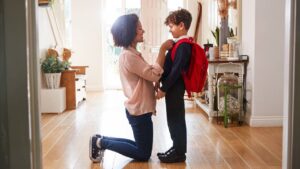 Mother At Home Getting Son Wearing Uniform Ready For First Day Of School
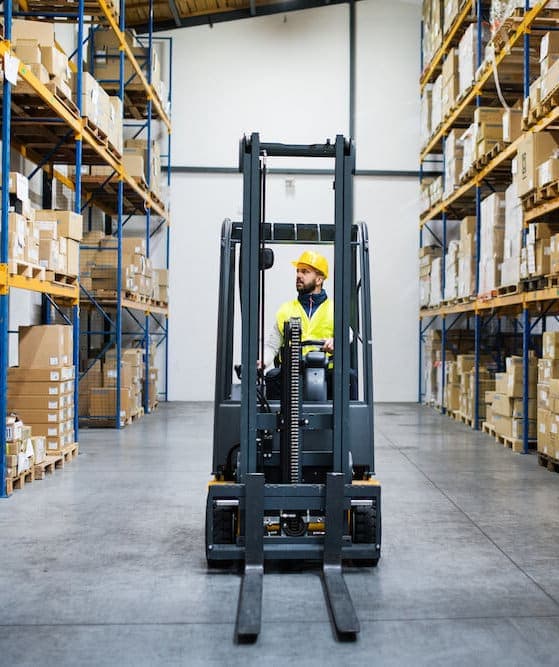 Warehouse worker in yellow safety vest operating forklift in industrial storage facility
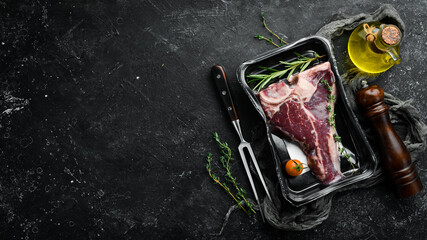 Obraz na płótnie Canvas T-bone steak in vacuum packaging. Market. Top view. Flat lay top view on black stone cutting table.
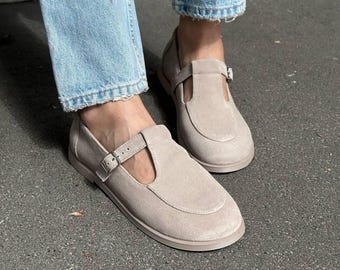 May include: A pair of light beige suede T-strap shoes featuring a rounded toe, a flat sole, and a thin adjustable strap with a silver-toned metal buckle across the top of the foot, worn with light blue denim jeans.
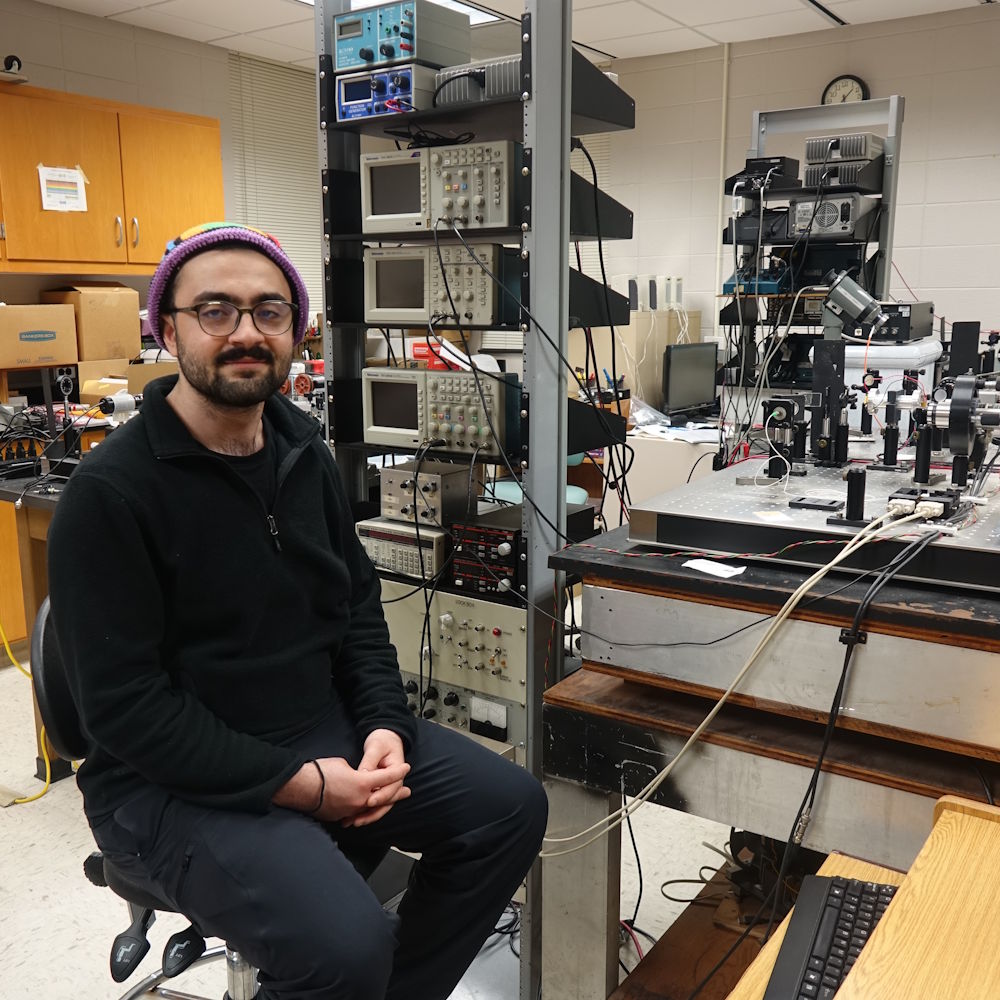 Mahmood Alwash in a physics lab with lab equipment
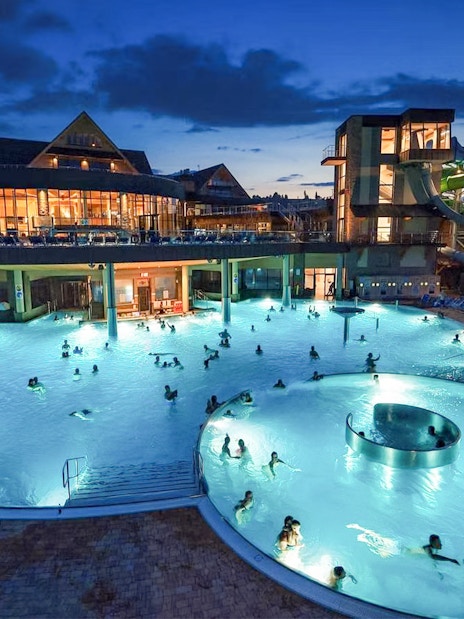 Thermal pools at night with people swimming, Zakopane tour experience.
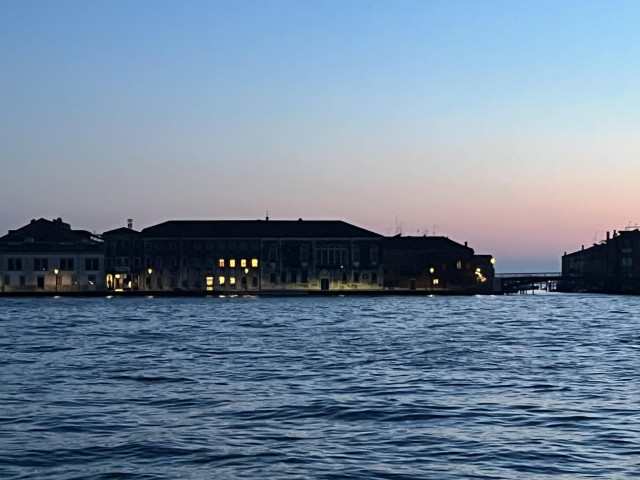 Colour photo, taken just after sunset, looking out over a wide canal at the waterfront of the island beyond. The two-storey building in the centre of the photo is long and low, and mainly in darkness, apart from a cluster of windows, three on the ground floor and four directly above, which are lit from inside and glow a warm inviting yellow. To the right of the building is a gap in the skyline for a barely-visible bridge, and then the corner of a bark block of a building on the right edge of the frame. The expanse of water in front is steel-blue and gently rippled, and the sky above is in the cold pastel shades of gloaming, rising from red through purple to blue. The image feels somber but tranquil. 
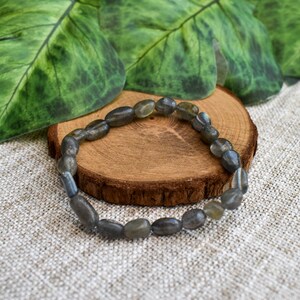 May include: A bracelet made of grey-green, oval-shaped beads. It sits on a small, round wooden slice, with green leaves in the background. The bracelet is a piece of jewellery.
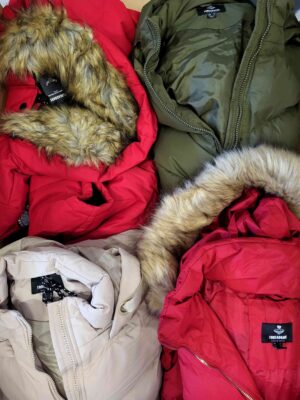The photo shows a package with clothing in the category TJ.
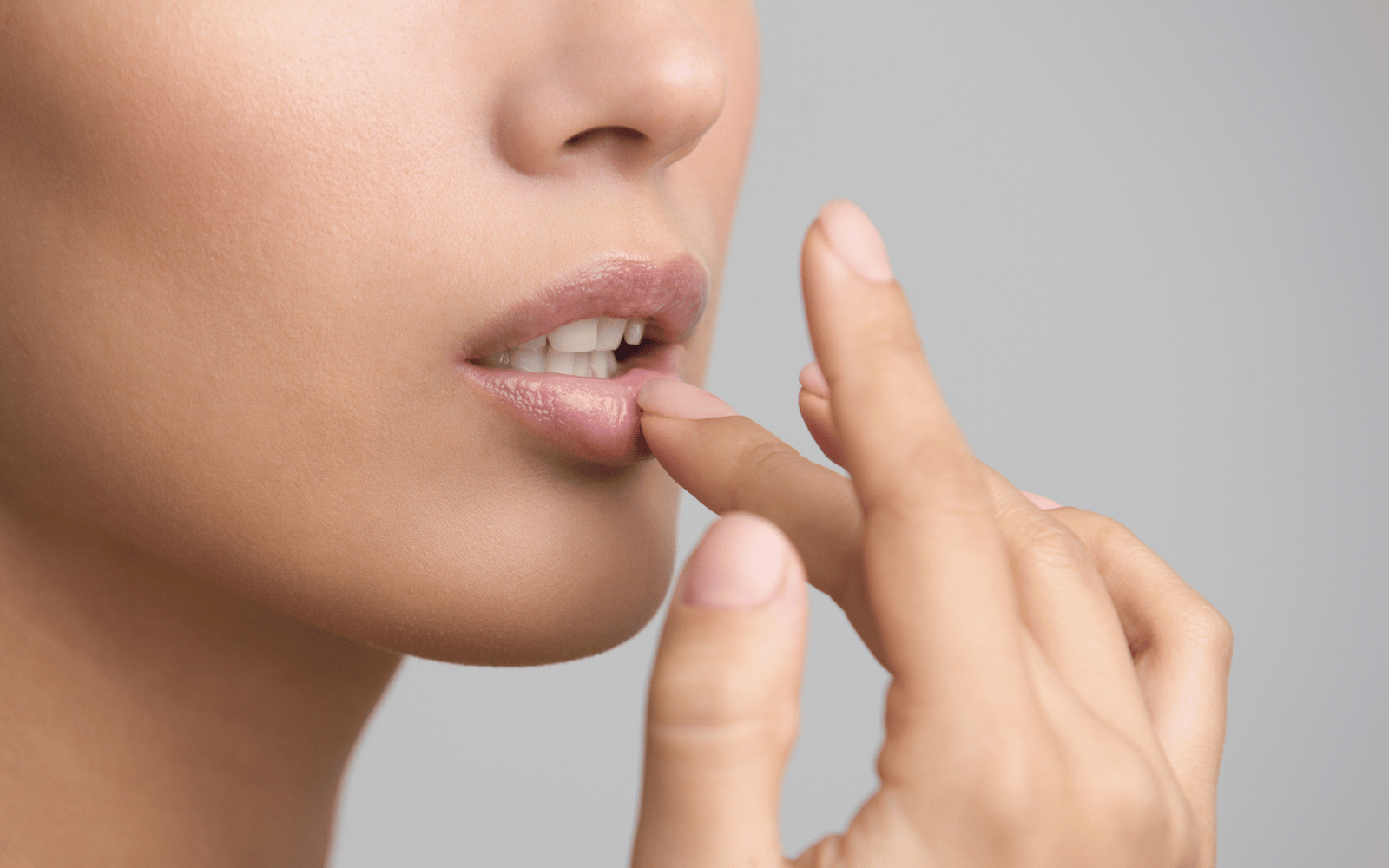 woman applying natural lip balm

::::::::::

> _TASK DETAILS_
Pictures aside, print exactly the lines above starting with the one containing "May include: A pair" and going on through the one containing "Mahmood Alwash in".

> _ANSWER TO THIS PROBLEM_
 May include: A pair of light beige suede T-strap shoes featuring a rounded toe, a flat sole, and a thin adjustable strap with a silver-toned metal buckle across the top of the foot, worn with light blue denim jeans.
 Mahmood Alwash in a physics lab with lab equipment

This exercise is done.